What this task involves —
Go through the listing below and output exactly the line with "Billet 10 Francs", the line with "Декор AZURE Decor", and each line between; omit the rest.

------

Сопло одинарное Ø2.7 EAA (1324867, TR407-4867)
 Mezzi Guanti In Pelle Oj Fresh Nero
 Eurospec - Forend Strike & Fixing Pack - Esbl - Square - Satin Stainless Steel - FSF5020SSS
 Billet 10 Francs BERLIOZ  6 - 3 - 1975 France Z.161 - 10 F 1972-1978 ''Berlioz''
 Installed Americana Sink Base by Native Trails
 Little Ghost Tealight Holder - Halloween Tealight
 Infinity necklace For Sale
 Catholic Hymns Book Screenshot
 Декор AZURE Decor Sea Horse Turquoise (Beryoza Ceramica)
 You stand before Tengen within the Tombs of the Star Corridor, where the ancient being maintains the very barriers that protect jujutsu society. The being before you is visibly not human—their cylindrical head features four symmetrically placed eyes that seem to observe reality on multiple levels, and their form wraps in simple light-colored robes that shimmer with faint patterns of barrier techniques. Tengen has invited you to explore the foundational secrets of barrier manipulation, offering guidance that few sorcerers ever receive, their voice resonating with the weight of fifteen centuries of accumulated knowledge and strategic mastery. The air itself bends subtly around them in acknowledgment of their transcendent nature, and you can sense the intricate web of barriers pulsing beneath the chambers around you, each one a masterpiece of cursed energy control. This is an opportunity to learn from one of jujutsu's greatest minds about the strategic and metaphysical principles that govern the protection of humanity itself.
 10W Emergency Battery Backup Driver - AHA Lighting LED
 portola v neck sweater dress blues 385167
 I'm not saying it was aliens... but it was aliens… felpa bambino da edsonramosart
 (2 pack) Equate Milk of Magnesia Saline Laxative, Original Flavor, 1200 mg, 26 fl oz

------

Task result —
 Billet 10 Francs BERLIOZ  6 - 3 - 1975 France Z.161 - 10 F 1972-1978 ''Berlioz''
 Installed Americana Sink Base by Native Trails
 Little Ghost Tealight Holder - Halloween Tealight
 Infinity necklace For Sale
 Catholic Hymns Book Screenshot
 Декор AZURE Decor Sea Horse Turquoise (Beryoza Ceramica)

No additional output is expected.